* WHAT YOU WILL DO
Output exactly, in the material below, the lines from the one with "Paxton Jersey Mini" through the one with "Renault Triber Rxt Cng Petrol". Omit all pictures.
** Opening DATA SHOWN block **
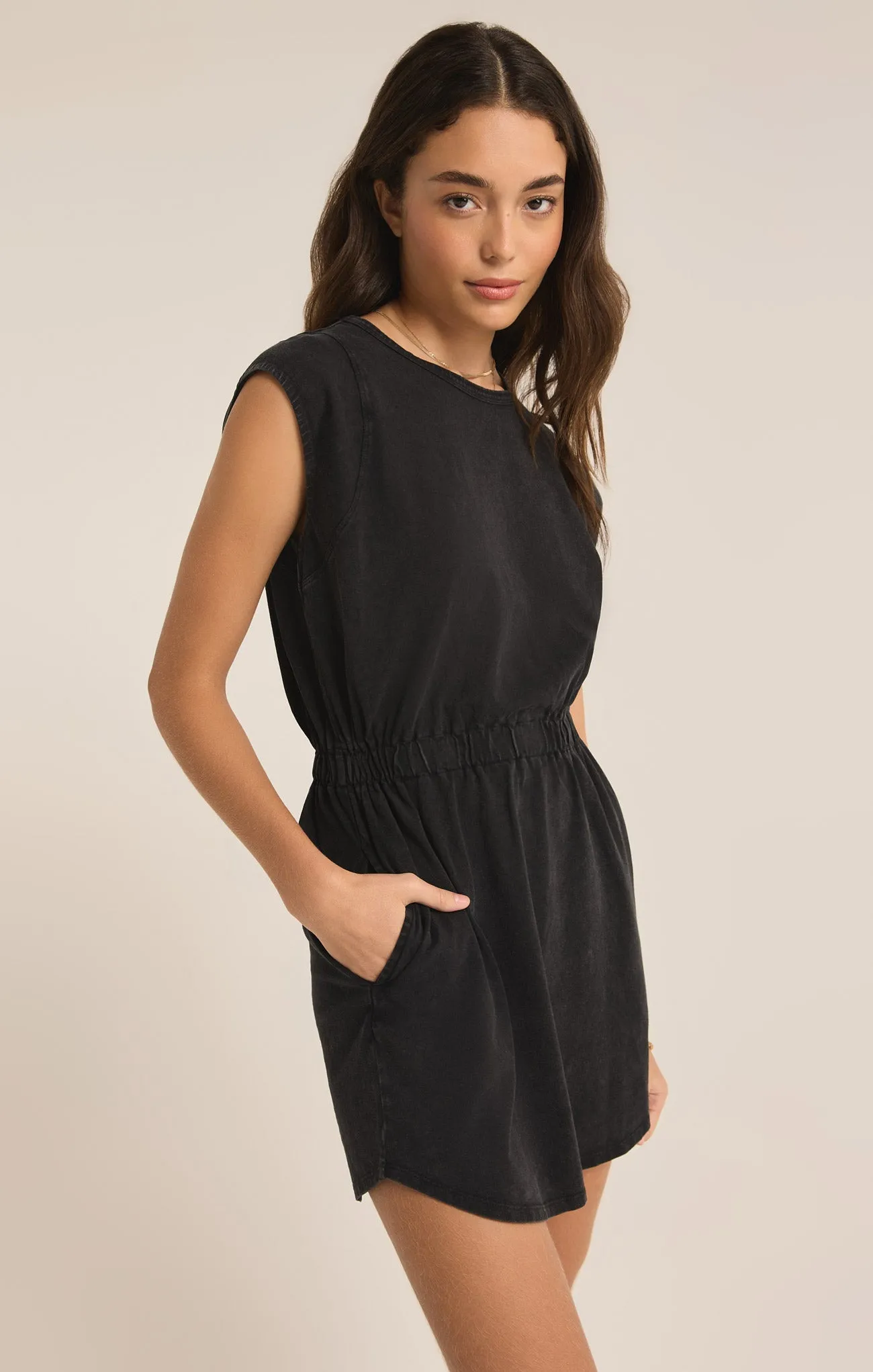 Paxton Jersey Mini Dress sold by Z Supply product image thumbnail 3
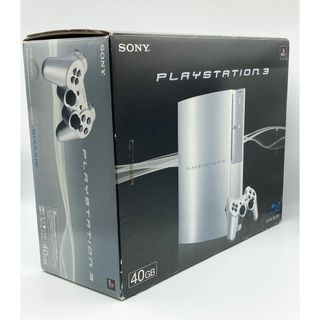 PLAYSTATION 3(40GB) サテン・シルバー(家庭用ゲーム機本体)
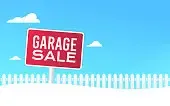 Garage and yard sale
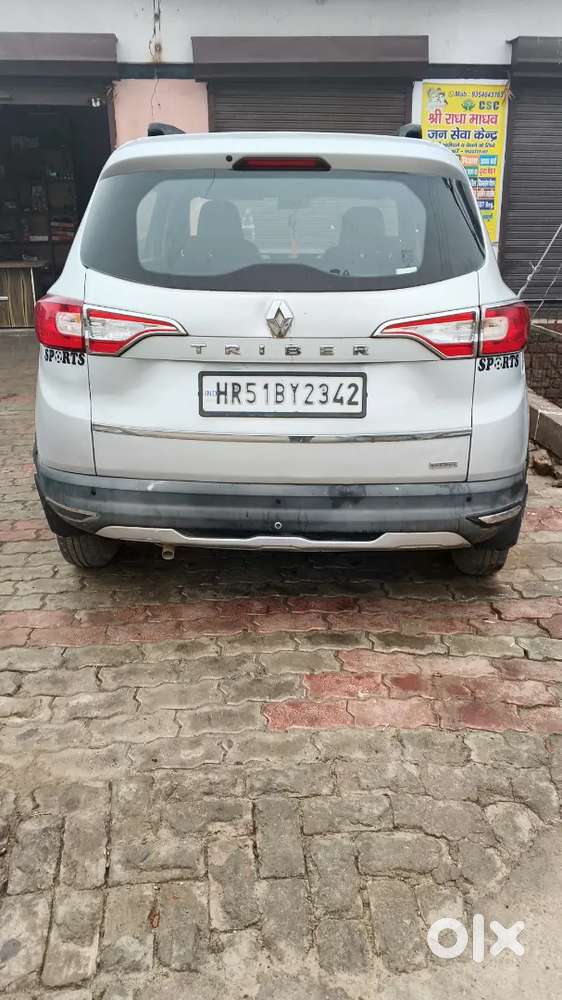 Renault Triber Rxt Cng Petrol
** Closing DATA SHOWN block **
** Opening DATA SHOWN block **
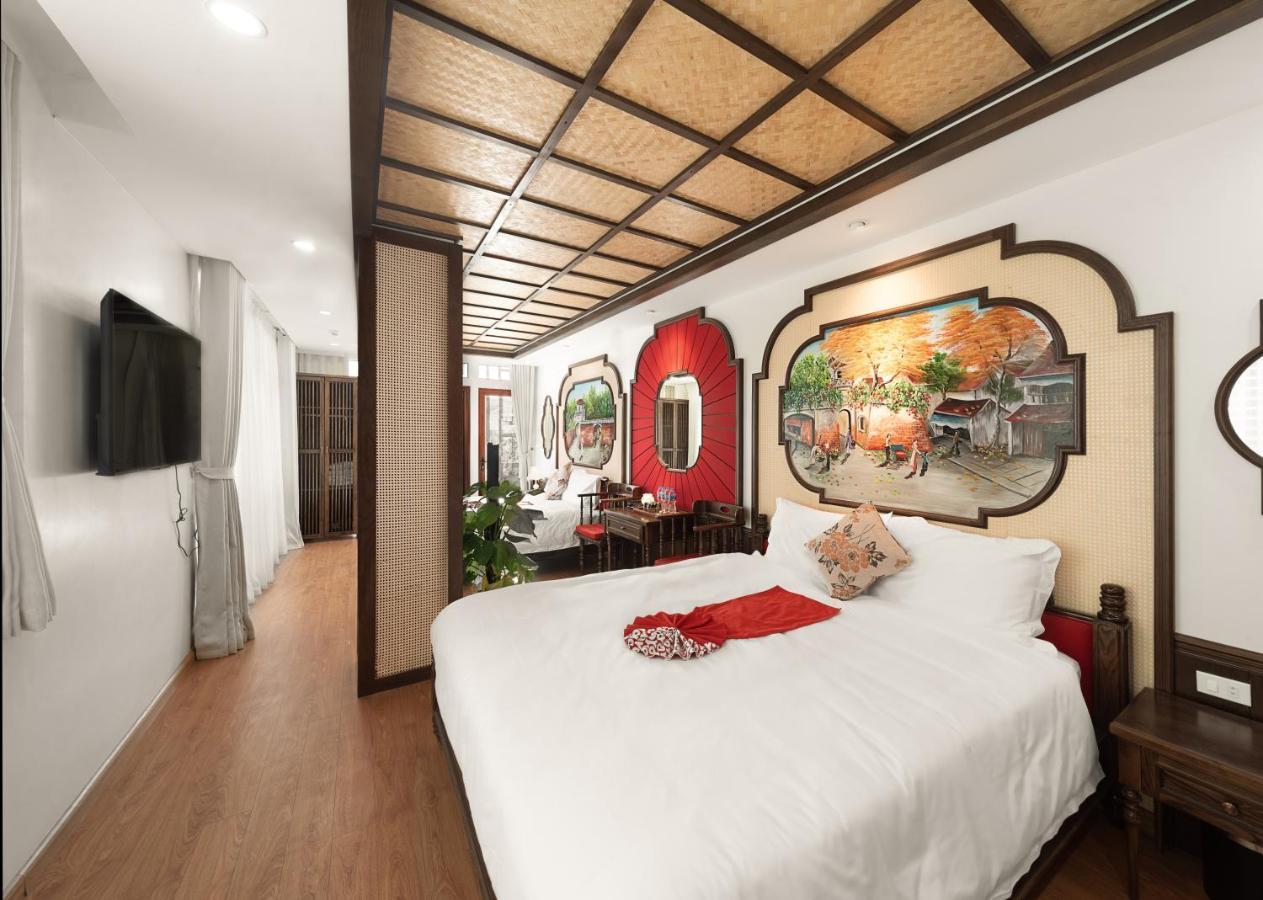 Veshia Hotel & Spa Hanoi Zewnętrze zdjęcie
** Closing DATA SHOWN block **
** Opening DATA SHOWN block **
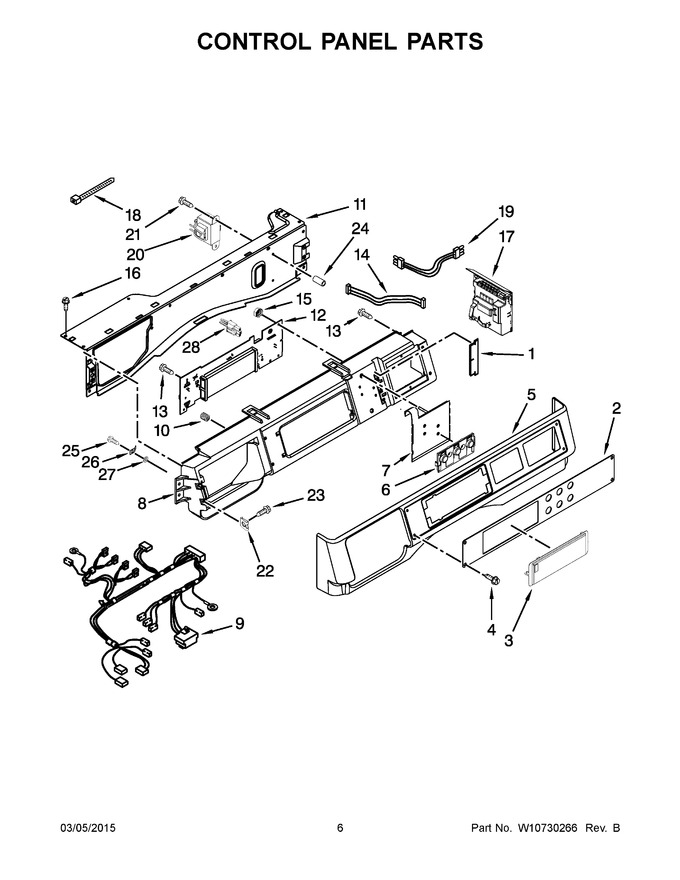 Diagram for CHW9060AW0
** Closing DATA SHOWN block **
* WRITTEN ANSWER
 Paxton Jersey Mini Dress sold by Z Supply product image thumbnail 3
 PLAYSTATION 3(40GB) サテン・シルバー(家庭用ゲーム機本体)
 Garage and yard sale
 Renault Triber Rxt Cng Petrol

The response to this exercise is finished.